>>>>>

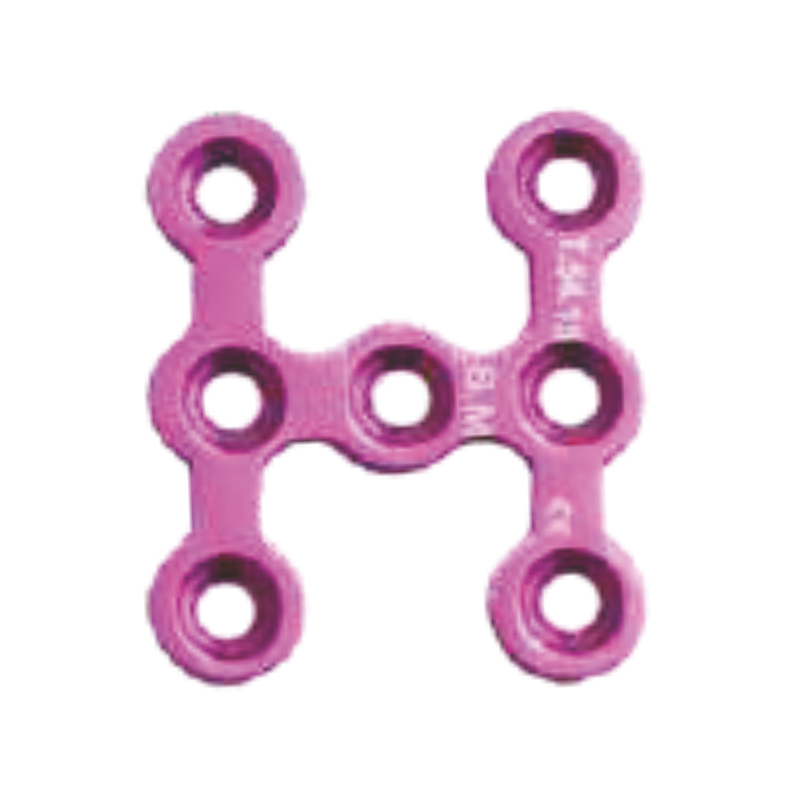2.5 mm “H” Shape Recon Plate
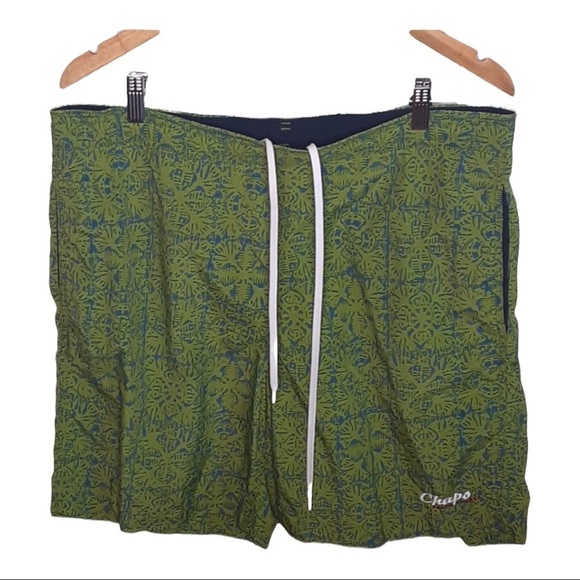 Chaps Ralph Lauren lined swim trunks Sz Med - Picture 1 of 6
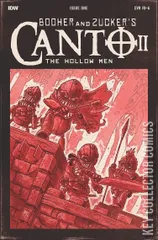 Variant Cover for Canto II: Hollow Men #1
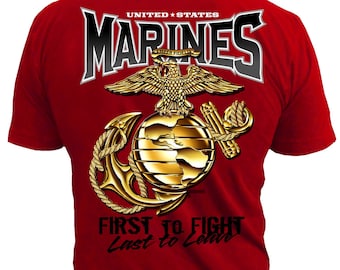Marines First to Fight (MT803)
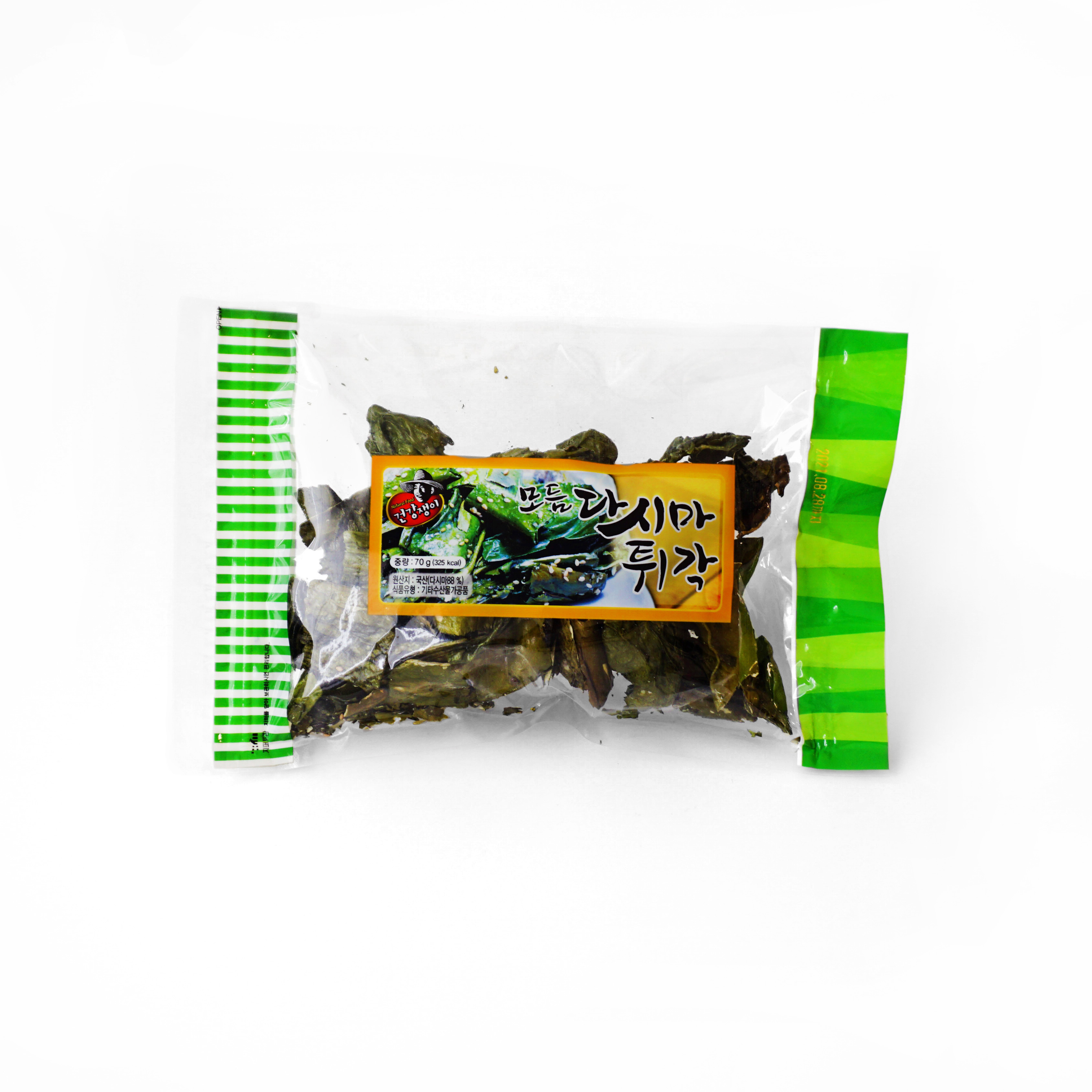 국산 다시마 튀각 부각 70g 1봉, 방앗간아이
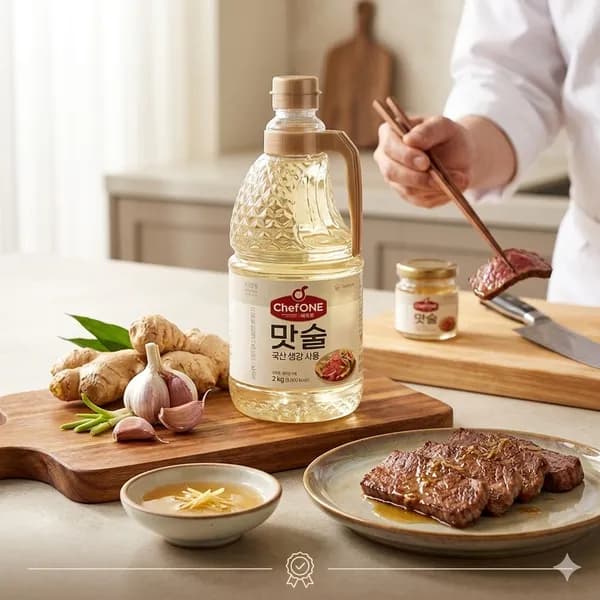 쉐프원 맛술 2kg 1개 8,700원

<<<<<

Please write out the whole listing exactly, but not the pictures in it.

#### Reply
2.5 mm “H” Shape Recon Plate
 Chaps Ralph Lauren lined swim trunks Sz Med - Picture 1 of 6
 Variant Cover for Canto II: Hollow Men #1
Marines First to Fight (MT803)
 국산 다시마 튀각 부각 70g 1봉, 방앗간아이
 쉐프원 맛술 2kg 1개 8,700원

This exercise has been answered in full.